A team trains a k-nearest neighbors classifier on 500 medical records with 5 features, achieving 82% test accuracy. They add 300 additional measured features to the same 500 records and retrain, achieving 99% training accuracy but 68% test accuracy. What is the most likely explanation?
AThe 300 new features are noisy and should have been normalized before training
Bk-NN requires recalibrating k when the number of features changes, and the team used the wrong k
CIn high-dimensional space the data is too sparse for meaningful distance comparisons, and the model exploits spurious patterns — a manifestation of the curse of dimensionality
D500 records is a large enough dataset for any number of features; the problem is overfitting due to wrong hyperparameters
With 500 examples and 305 features, the data is extremely sparse in the feature space. Distances between points become nearly meaningless (all points appear equidistant), so k-NN's core assumption — that nearby points are similar — breaks down. The high training accuracy (99%) with poor test accuracy (68%) is the signature of exploiting spurious high-dimensional patterns. More features require exponentially more data to maintain the same density, and 500 examples is nowhere near enough for 305 dimensions.

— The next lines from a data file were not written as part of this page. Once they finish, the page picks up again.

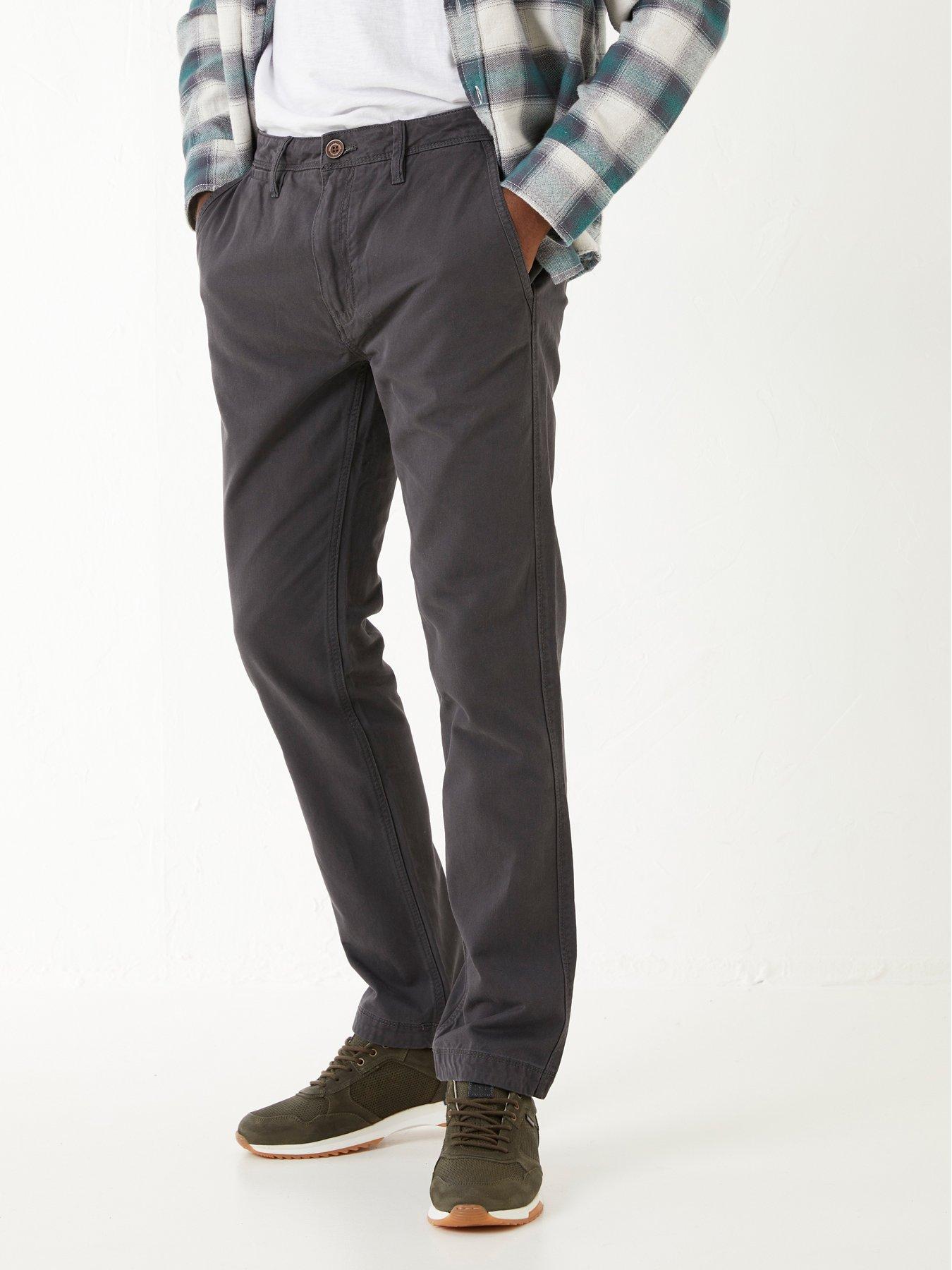  image of fatface-modern-coastal-slim-fit-chino-greynbsp
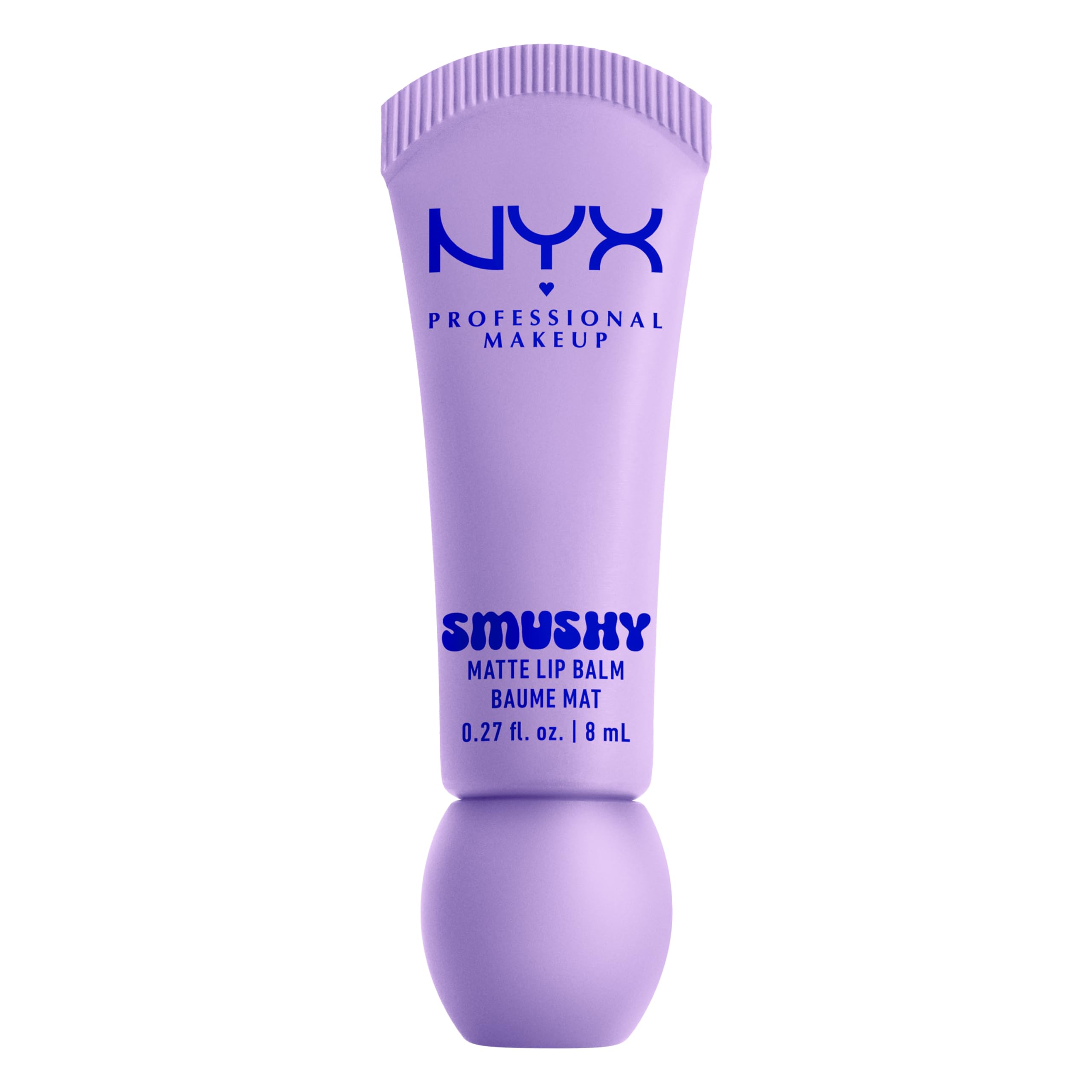 Nyx Smoshi Matte Tinted Lip Balm Sugar Smash Vegan Mochi Rice Powder
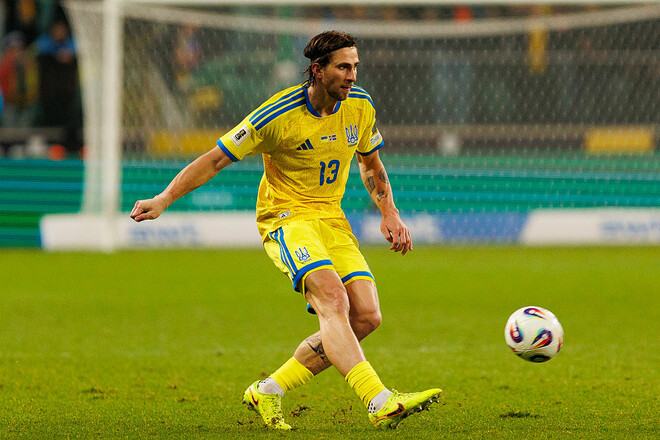 Лише Забарний був задіяний у всіх матчах збірної України у 2025 році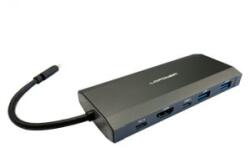 LC-Power USB-C multi-Hub M. 2 SSD slottal (LC-HUB-C-MULTI-7-M2)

Question 2 Multiple Choice
As the number of dimensions in a dataset increases, what happens to the ratio of nearest-neighbor distance to farthest-neighbor distance from a reference point?

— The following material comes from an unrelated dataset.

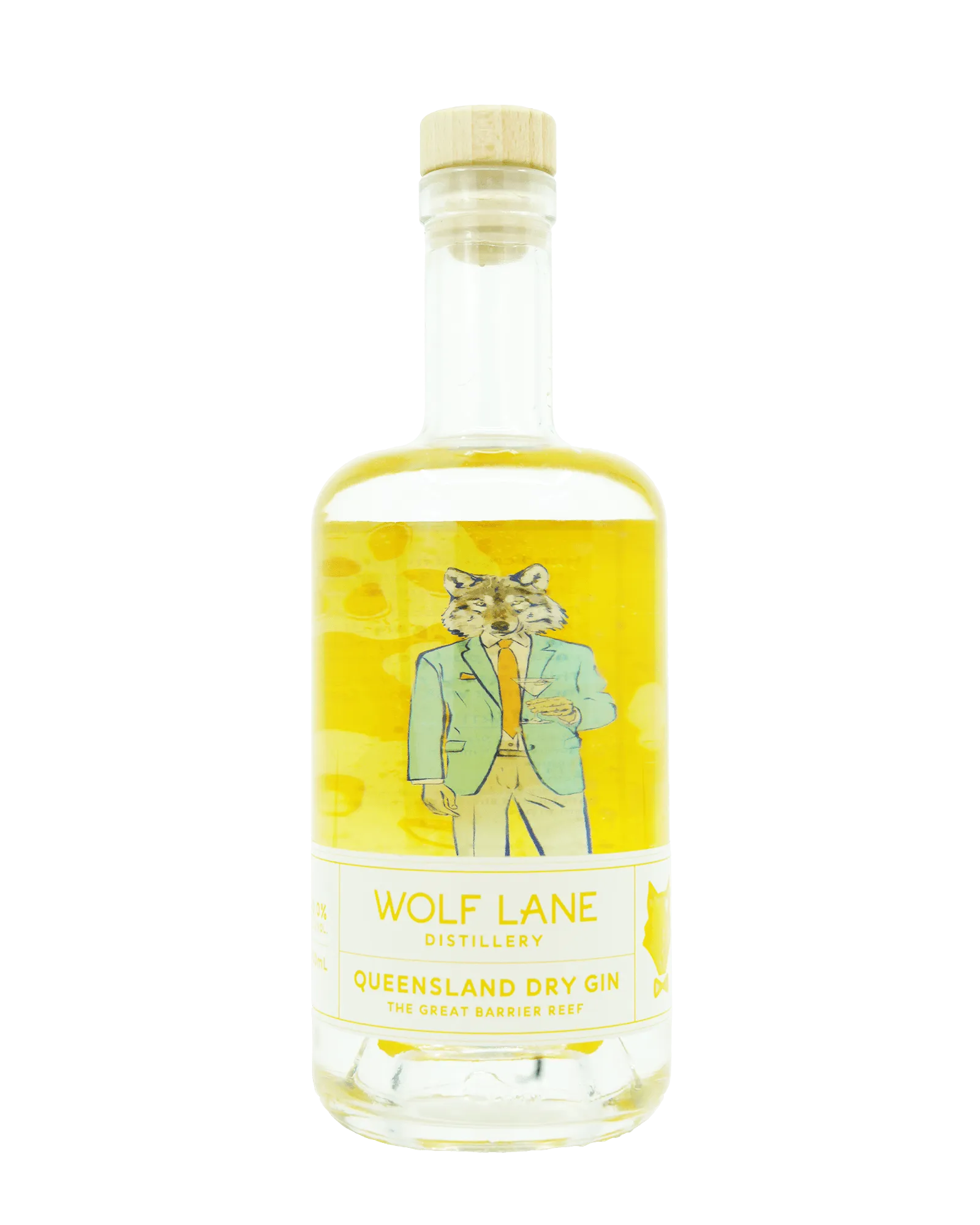  Liquor Loot- Wolf Lane Distillery Queensland Dry Gin (500mL) -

AThe ratio increases — nearest neighbors get much closer relative to farthest neighbors
BThe ratio stays constant — distances scale uniformly in all directions
CThe ratio approaches 1 — all points become approximately equidistant from the reference
DThe ratio approaches 0 — the farthest neighbors become infinitely distant
This is perhaps the most counterintuitive consequence of the curse of dimensionality. As dimensions increase, the variance in distances between all pairs of points decreases relative to the mean distance, so all points cluster around the same expected distance from any reference. When nearest and farthest distances are nearly equal, 'nearest neighbor' is essentially random — there is no meaningful neighborhood structure. This breaks any algorithm that relies on locality or proximity, including k-NN, clustering, and kernel methods.
Question 3 True / False
Adding more features to a machine learning model with a fixed training set usually improves or maintains test accuracy, since additional features provide the model with more information.
TTrue
FFalse
Answer: False
False — this is the core misconception that the curse of dimensionality refutes. As features increase, the feature space volume grows exponentially, making the fixed training set increasingly sparse. In sparse high-dimensional spaces, models can fit spurious patterns that happen by chance (overfitting), and distance-based notions of similarity break down. More features require exponentially more training data to avoid these problems; with a fixed dataset, adding features beyond a certain point actively hurts generalization.
Question 4 True / False
For distance-based algorithms like k-nearest neighbors, high dimensionality can make the 'nearest neighbor' concept meaningless because all pairwise distances between points become approximately equal.
TTrue
FFalse
Answer: True
True. This is a precise mathematical consequence of the curse of dimensionality, not just an intuition. The expected distance between random points in a unit hypercube grows with dimension, while the variance in those distances grows more slowly, causing the nearest/farthest distance ratio to approach 1. When this happens, no point is meaningfully 'closer' than any other, and the fundamental assumption of distance-based methods — that similar inputs are nearby — is violated.
Question 5 Short Answer
Why does adding features to a fixed-size dataset make it harder for a model to generalize, even if those features carry real signal?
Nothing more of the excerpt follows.